Anyway it was undoubtedly something silly; and it came about by me walking into a classroom, and coming across a rather strange sight – a small hunched character who couldn’t have been more than five or six years old. It was one of those moments where it takes a few seconds to take it all in and process…

Huh GIF

You see this kid had pushed his shoulders up, and his head down – basically eliminating his whole neck…making him look vaguely reminiscent of  both Frankenstein’s monster and a penguin with a spinal problem at the same time. To keep the shoulders in shape he was forced to waddle as he walked to maintain composure…and felt it was necessary to emit a few R2-D2 style “BOOP-BAP-BEEP”s every now and again, which (thanks to his missing front teeth) had an eerie and creepy sound to them…this was all probably necessary though,  just to remind people he was still there circling the table.

I also noted that he would occasionally outstretch his right hand slightly as if reaching for an imaginary walking stick which he had sadly misplaced…which led me to believe this was perhaps an older Frankenstein’s monster penguin model. But that was of course an assumption I am still yet to verify. Either way I felt in my heart of hearts that if I had some spare teeth lying around I wouldn’t hesitate to offer them to this bizarre yet amusing creature, he was just trying to live dammit – and seemed like a pretty nice guy.

Friend GIF

There was just something about the whole spectacle which made me burst out laughing, and as he inevitably began to giggle too the shoulders began to droop slowly but surely…and the beeps turned into baaps, and the baaps quickly turned into “ba-ha-ha-ha”s. Before I knew it we were both in hysterics with laughter, and so the rest of the kids in the class took the baton: copying the same character, busily circling the table with their now neckless bodies.

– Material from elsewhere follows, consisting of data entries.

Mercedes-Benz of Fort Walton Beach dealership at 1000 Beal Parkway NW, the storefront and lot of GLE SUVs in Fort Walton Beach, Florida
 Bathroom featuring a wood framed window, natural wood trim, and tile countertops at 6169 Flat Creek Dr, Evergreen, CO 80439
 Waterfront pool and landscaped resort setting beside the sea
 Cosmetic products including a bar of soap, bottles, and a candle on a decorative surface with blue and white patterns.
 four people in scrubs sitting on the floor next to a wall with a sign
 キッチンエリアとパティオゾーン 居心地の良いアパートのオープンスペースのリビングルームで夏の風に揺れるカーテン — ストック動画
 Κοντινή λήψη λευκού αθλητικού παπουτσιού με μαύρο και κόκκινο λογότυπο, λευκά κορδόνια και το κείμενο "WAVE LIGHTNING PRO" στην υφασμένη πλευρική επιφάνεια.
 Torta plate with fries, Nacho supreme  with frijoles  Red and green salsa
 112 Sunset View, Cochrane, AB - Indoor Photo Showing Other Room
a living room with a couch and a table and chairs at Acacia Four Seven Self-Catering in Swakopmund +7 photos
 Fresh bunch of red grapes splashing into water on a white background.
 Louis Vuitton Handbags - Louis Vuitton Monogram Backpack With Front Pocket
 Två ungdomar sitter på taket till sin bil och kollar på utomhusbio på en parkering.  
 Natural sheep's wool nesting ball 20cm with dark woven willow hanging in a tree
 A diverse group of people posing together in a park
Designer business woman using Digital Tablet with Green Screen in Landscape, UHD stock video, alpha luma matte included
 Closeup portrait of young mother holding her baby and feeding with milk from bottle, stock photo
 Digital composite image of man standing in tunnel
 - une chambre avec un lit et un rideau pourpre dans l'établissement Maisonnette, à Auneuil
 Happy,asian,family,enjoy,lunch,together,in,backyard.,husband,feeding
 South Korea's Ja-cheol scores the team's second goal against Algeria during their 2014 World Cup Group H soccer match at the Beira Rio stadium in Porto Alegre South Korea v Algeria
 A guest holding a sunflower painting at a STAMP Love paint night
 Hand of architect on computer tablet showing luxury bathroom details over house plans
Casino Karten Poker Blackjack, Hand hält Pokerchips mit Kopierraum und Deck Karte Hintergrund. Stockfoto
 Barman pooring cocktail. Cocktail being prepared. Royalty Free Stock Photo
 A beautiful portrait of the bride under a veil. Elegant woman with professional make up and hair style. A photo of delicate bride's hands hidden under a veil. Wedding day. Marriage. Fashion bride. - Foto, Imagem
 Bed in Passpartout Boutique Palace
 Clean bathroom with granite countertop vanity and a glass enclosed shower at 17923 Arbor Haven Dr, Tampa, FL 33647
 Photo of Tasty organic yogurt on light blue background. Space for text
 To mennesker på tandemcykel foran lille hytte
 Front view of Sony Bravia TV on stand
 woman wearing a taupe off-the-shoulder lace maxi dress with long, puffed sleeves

Such little weirdos, seriously!

But it made me think though…where do we lose this? And when…and WHY?! Because I know I still behave like this – but I’m seen largely as stupid, childish, or immature (there are other words but it’s a family show). However I do feel like if we were all a little more like this, just having fun and amusing both ourselves and each other…then life would be that little bit more enjoyable. In other words if the elderly had as much of a laugh imitating children as these kids had imitating the elderly then this world would be a lot less dreary.

Old Lady GIF

All I know is I’m writing a mental note to do the Frankenstein’s monster penguin shuffle at age 93. Don’t let me forget…okay? Even if I scream at you to get off my lawn and begin a rant about “kids these days”…make me do it.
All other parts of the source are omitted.